Evolution, of course, says nothing of the sort. Natural selection, as has been pointed out numerous times, is not random; it’s stochastic and probabilistic. In fact, it is evolution, not ID, that really involves looking for patterns, specifically, for patterns of similarities among living things to ascertain evolutionary relationships and functions of genes and the proteins they encode or the comparative anatomy of humans and other animals. Indeed, were this not the case it would not be possible to do, for instance, the yeast two-hybrid screen, isolate a yeast protein that pairs with a human protein, look at the function of that yeast protein, and then conclude something useful about the existence and/or function of an evolutionarily conserved human protein. All ID does is look at gaps in our knowledge and conclude that, just because we do not yet know how a structure or molecule could have evolved, it must have been “designed.” It provides no patterns with predictive power and ascertains no functions of genes or proteins that could be used to design new therapies. Or maybe Dr.

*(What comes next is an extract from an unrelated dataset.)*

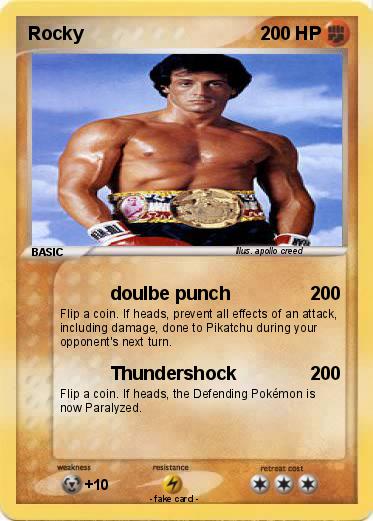 Pokemon Rocky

Egnor can tell us how it does do these things. Maybe he can tell us how, specifically, the “design inference” has been “of great value” in medicine and “of great help” in scientific research, preferably with some references in pee-reviewed journals in which the design inference was invoked to make a discovery or produce a new treatment. In reality, the design inference has produced nothing but a bunch of P.R. flaks at the Discovery Institute who are very good at P.R. but very bad at science, having published exactly nothing and produced hypotheses that predict exactly nothing that isn’t already consistent with evolution. Dr. Egnor could easily prove me wrong by listing a few of the “contributions” of ID to medical science, but, sadly, as before, I was disappointed. He’s great at talking in generalities about this, but sadly unable or unwilling to go into specifics. I’m sure that, if he ever answers this criticism, he will not be able to name any good examples to back up his generalization.
I’ve had about enough, and I’d bet that you probably have too. Fear not, I don’t plan on debunking every post that Dr. Egnor makes on the DI blog or every masterpiece of misinformation that he provides in DI podcasts.
My heart really couldn’t take it. Now where were those β-blockers again?